- What is required
Your answer must be the lines from the start of the records through the line with "Mercedes w204 c200 cdi - 7", exactly as written, without the pictures.

- Extracted data
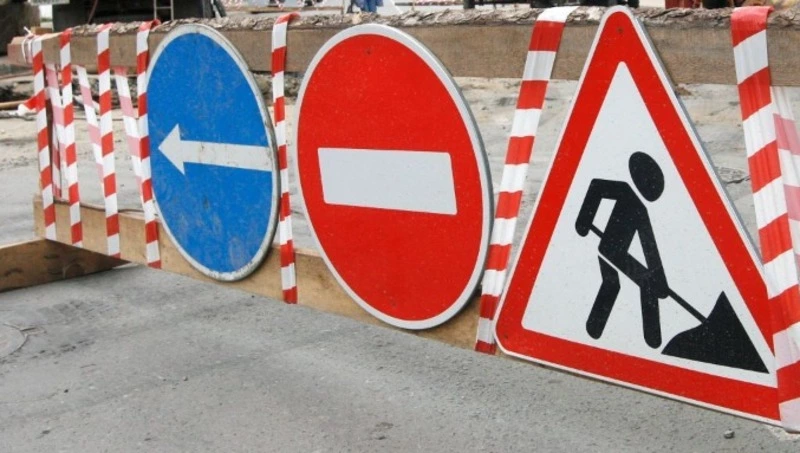 Движение на двух улицах Южно-Сахалинска ограничат 14 октября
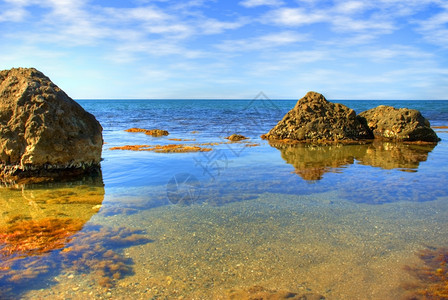 黑海的落岩岸山下的野生海滩图片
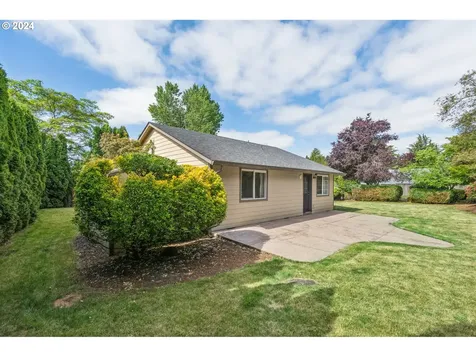 422 10th Street Washougal WA 98671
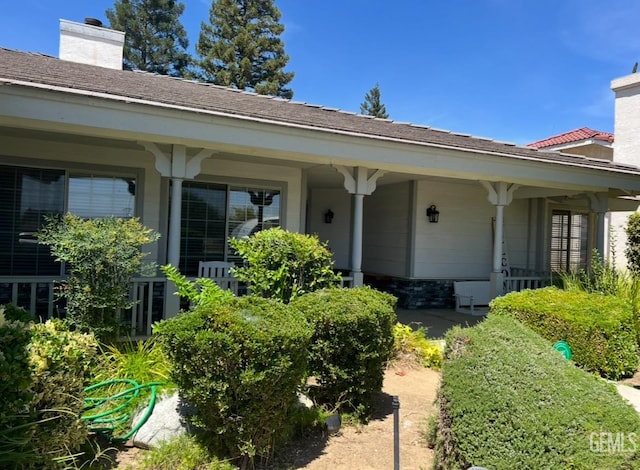 entrance to property featuring a porch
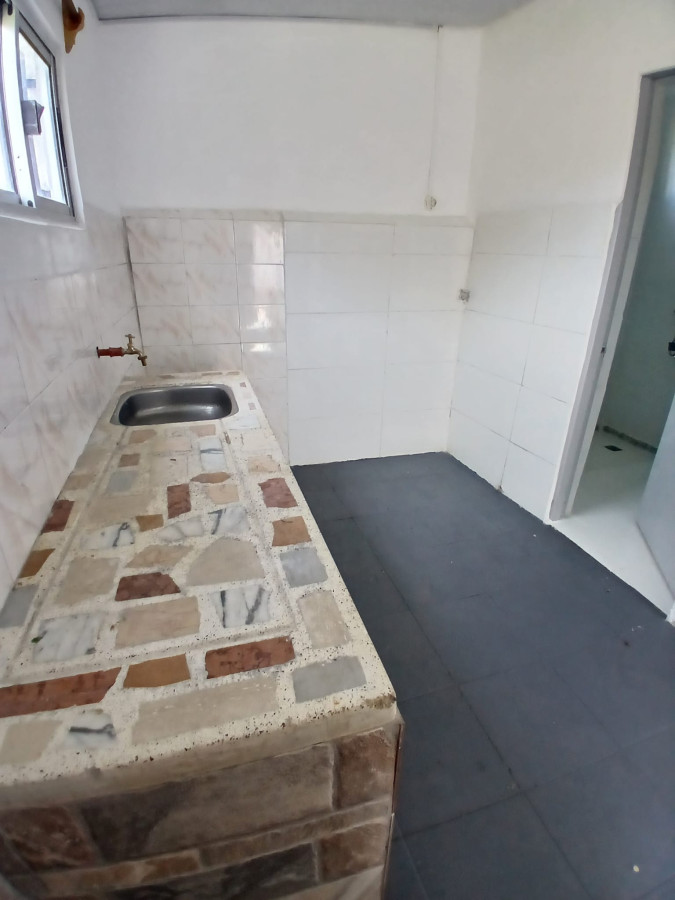 Casa ID.348 - Casa en PH con 2 dormitorios y amplio fondo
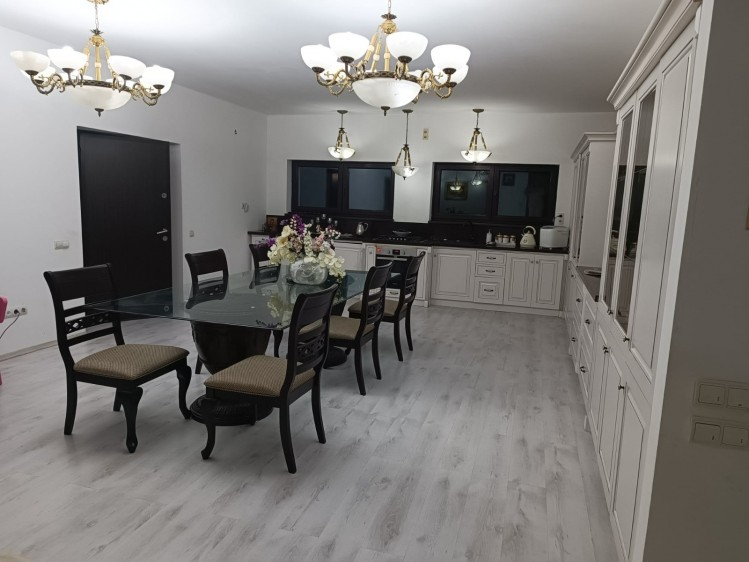 Proprietate de inchiriat pretabila rezidential, scoala, activitati comerciale, zona Otopeni - Fermei, judetul Ilfov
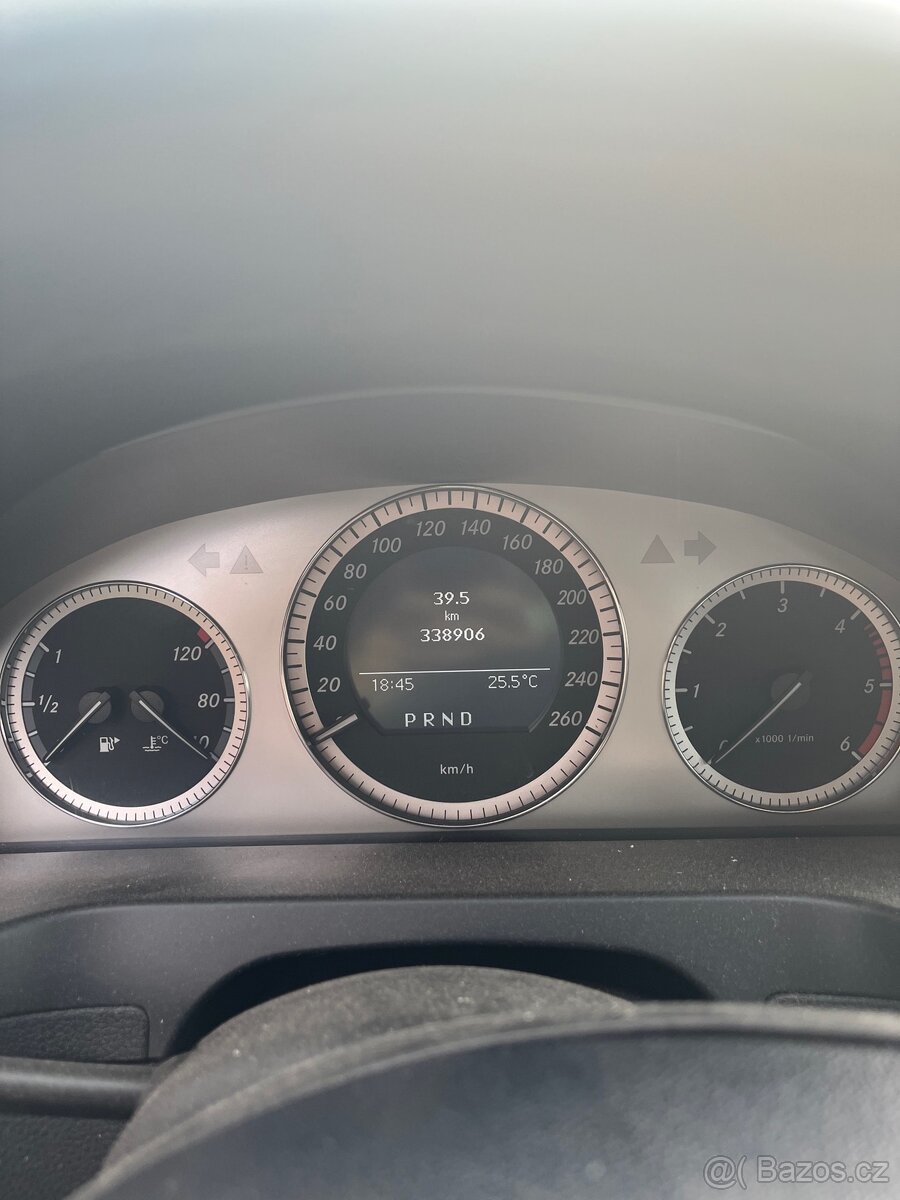 Mercedes w204 c200 cdi - 7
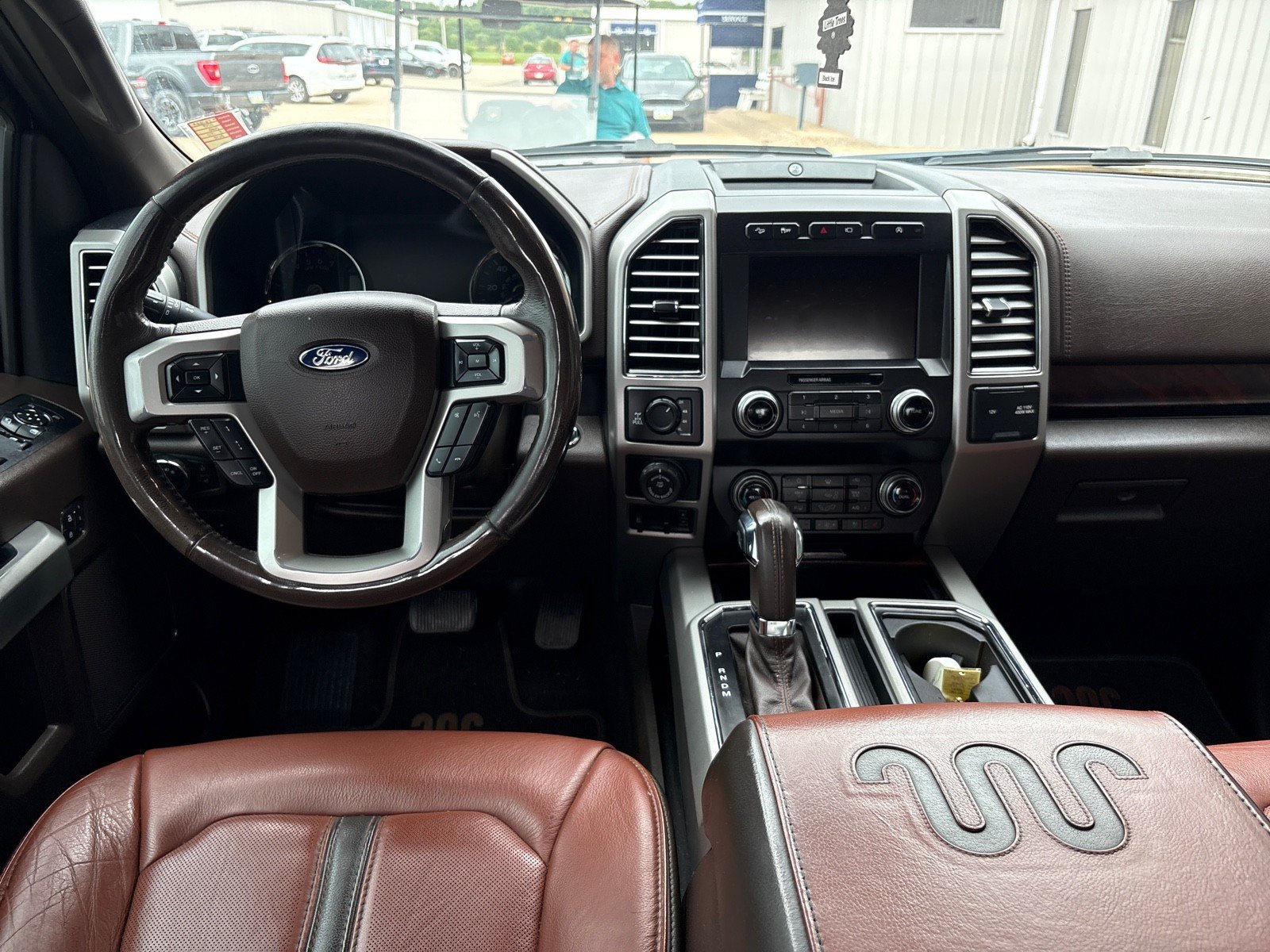 Used 2019 Ford F150 King Ranch w/ Equipment Group 601A Luxury AWD/4WD image 6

- Output of the task
 Движение на двух улицах Южно-Сахалинска ограничат 14 октября
 黑海的落岩岸山下的野生海滩图片
 422 10th Street Washougal WA 98671
 entrance to property featuring a porch
 Casa ID.348 - Casa en PH con 2 dormitorios y amplio fondo
 Proprietate de inchiriat pretabila rezidential, scoala, activitati comerciale, zona Otopeni - Fermei, judetul Ilfov
 Mercedes w204 c200 cdi - 7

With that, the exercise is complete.